I decided a little over a week ago to start taking my dog for a walk every day no matter how anxious it made me I would do it and eventually over come the anxiety of it. So I started out going around the small block (takes a little less then 10 minutes to do it). After two days of that I said go for it and I did the big block that takes about half an hour depending if we are just walking or if my dog is sniffing around. It has taken less then a week of doing this daily to overcome my fears of it. Irrational fears of something happening to me I pass out and my dog takes off or someone takes him. Today is a test day for me since it's raining and I really don't feel like going for a walk but I'm going to throw my rain coat on and just do it. We've been going for 2 to 3 walks a day the last 5 days but even if I only do one walk today in the rain I will be happy because I'm having to force myself to do it.

This may not seem big to some but for me it is considering I could easily become house bound in a heart beat if I had someone who would do the food shopping for me etc (food shopping is the next thing to attack, since I get anxious there and end up only buying half the food on the list because I can't wait to get out of the store). Thanks to all those who's stories I've read today on the Triumph board it was because of those stories I was able to see a little triumph in myself!

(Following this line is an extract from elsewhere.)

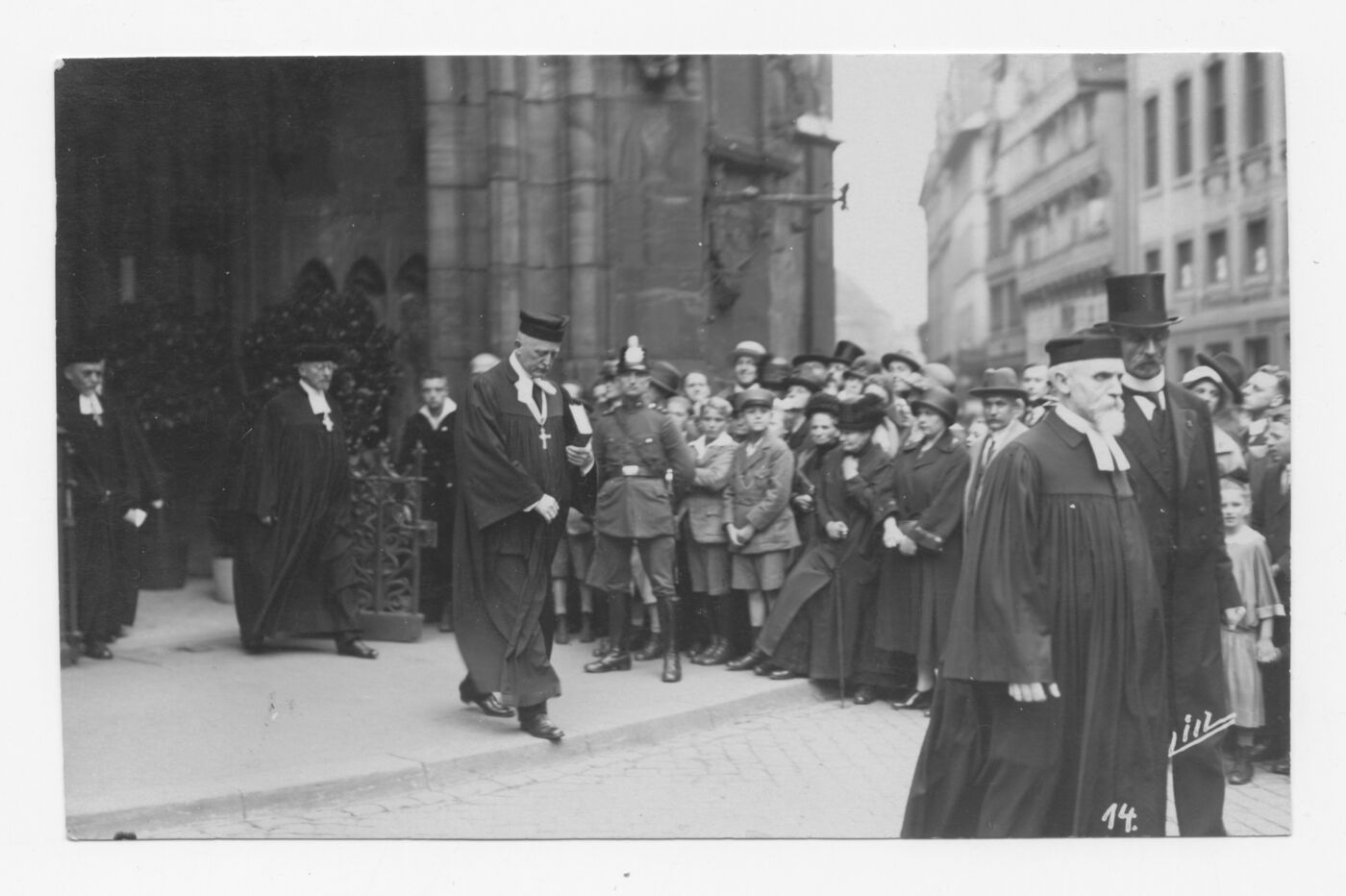 Das Bild zeigt eine Schwarzweiß-Aufnahme mit einer männlich lesbaren Person, die im Talar die Treppenstufen vor einer Kirche heruntergeht. Neben der Treppe wartet auf dem Vorplatz eine große Gruppe von winterlich angezogenen Menschen.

Posted: Mon Mar 30, 2009 7:55 am
by Guest
Good for you! And it IS a big deal and the courage you're showing is awesome!
You have so much to look forward to ! :)

I WAS housebound for quite a few years and the walking, driving, shopping - well most things actually - were only done with my hubby driving me there, and I'd shop in a hurry or he did it.

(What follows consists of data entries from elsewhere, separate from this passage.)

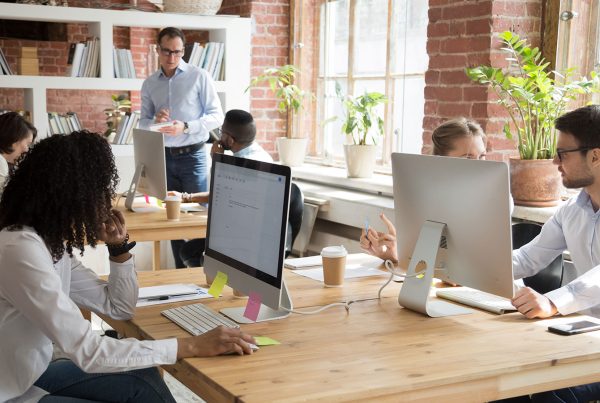 Group of professionals looking focused in a bright and modern office setting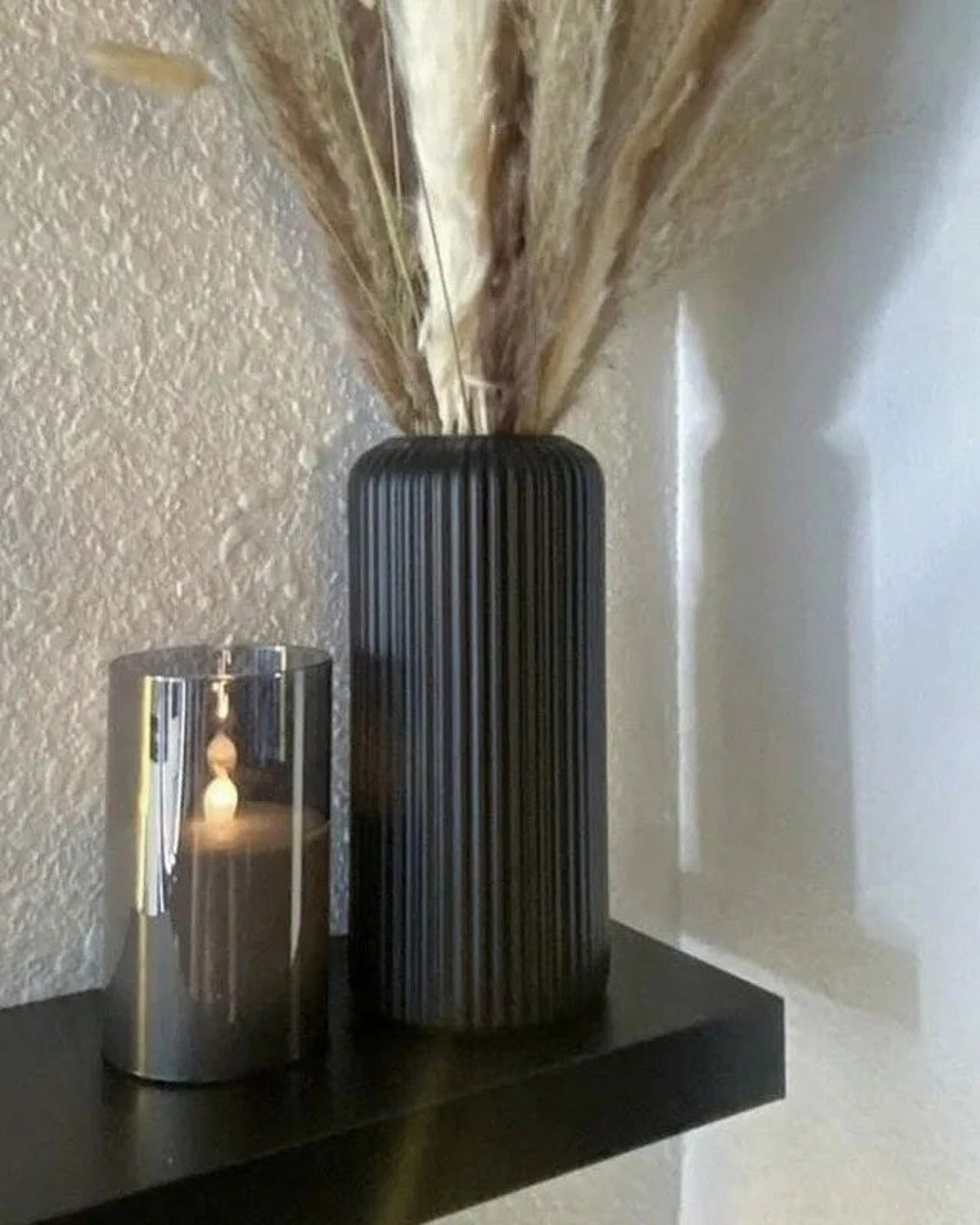 A black striped cylinder vase holding pampas on a shelf beside a candle; stems and candle not included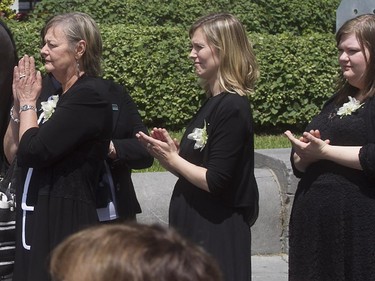 The family of former Montreal mayor Jean Doré, his wife Christiane Sauvé, left, daughters Amélie Duceppe, centre, and Magali Doré share in the applause given to Jean Doré following the service at Montreal city hall on Monday June 22, 2015.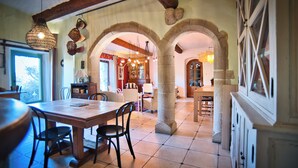 A spacious dining area with a wooden table and chairs, stone pillars, and a view into another room. - Mas Suéjol Gîtes, Gîtes du Mas Suéjol en Cévennes (Anduze)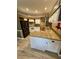 Kitchen features granite countertops, white cabinetry, stainless steel appliances, and view to the dining area at 3721 Plantation Blvd, Leesburg, FL 34748
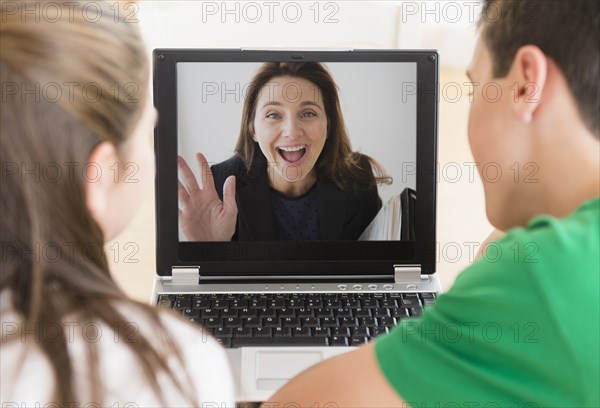 Caucasian children video conferencing with mother on laptop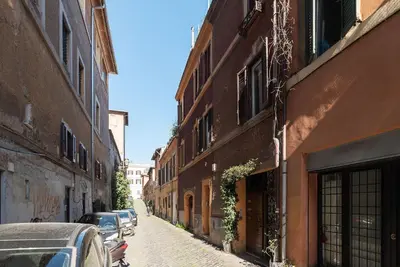 an alley with buildings and cars parked on a street at Trastevere Escape - Charme Holidays in Rome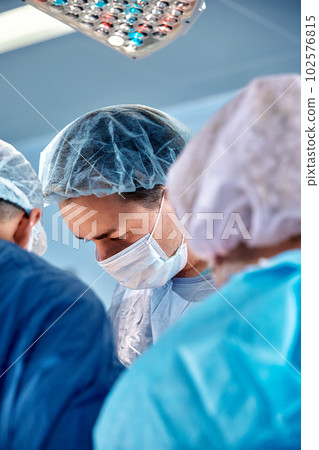 Faces of surgeons close-up during a complex and intense operation, doctors save the patient's life, teamwork of surgeons Faces of surgeons close-up during a complex and intense operation, doctors save the patient's life, teamwork of surgeons 102576815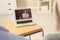 Couple using laptop at home for online consultation with psychologist via video chat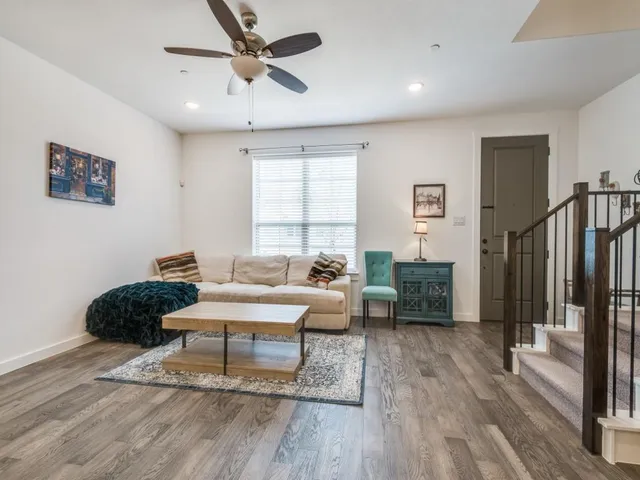 a living room with furniture and a wooden floor
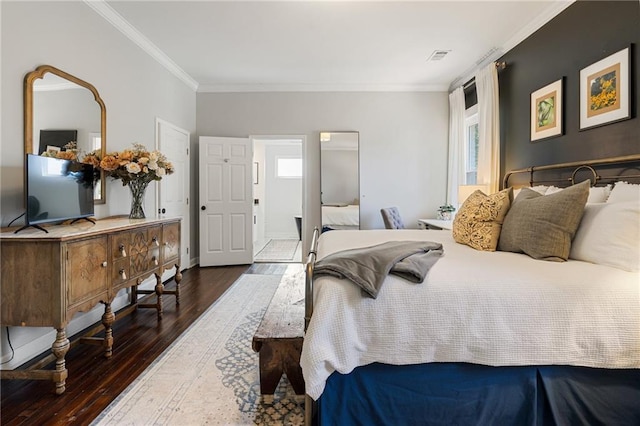 bedroom with crown molding, dark hardwood / wood-style flooring, and multiple windows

It's like looking forward to a glorious vacation.
Life full of new adventures taken on with amazing coping skills and topped with peace of mind and body!

Keep moving forward!
hugs and God bless!

Posted: Tue Mar 31, 2009 11:13 am
by Guest
Congratulations! Be proud of yourself. It all goes away with baby steps. That is what I did 2 years ago when I started this program. I just told myself I was taking baby steps. I couldn't walk around outside by myself, go to a store, drive, work, or even take care of my son by myself. I was totally non-funtional. Now, I do it all, I'm driving, shopping (and enjoying it), working, taking care of my son and my husband even travels out of town for work now and I'm just fine on my own. I remember when I first started driving, I'd just go sit in the car by myself, and panic. Then I would drive around the block, then a few more blocks, etc. That is how bad I was. But with determination and courage with small steps I have gotten my life back and you will too! Keep taking those baby steps.

Posted: Tue Mar 31, 2009 12:37 pm
by Guest
Thanks so much for the replies... I'm so happy to see baby steps worked for you now I know that they will keep working for me too!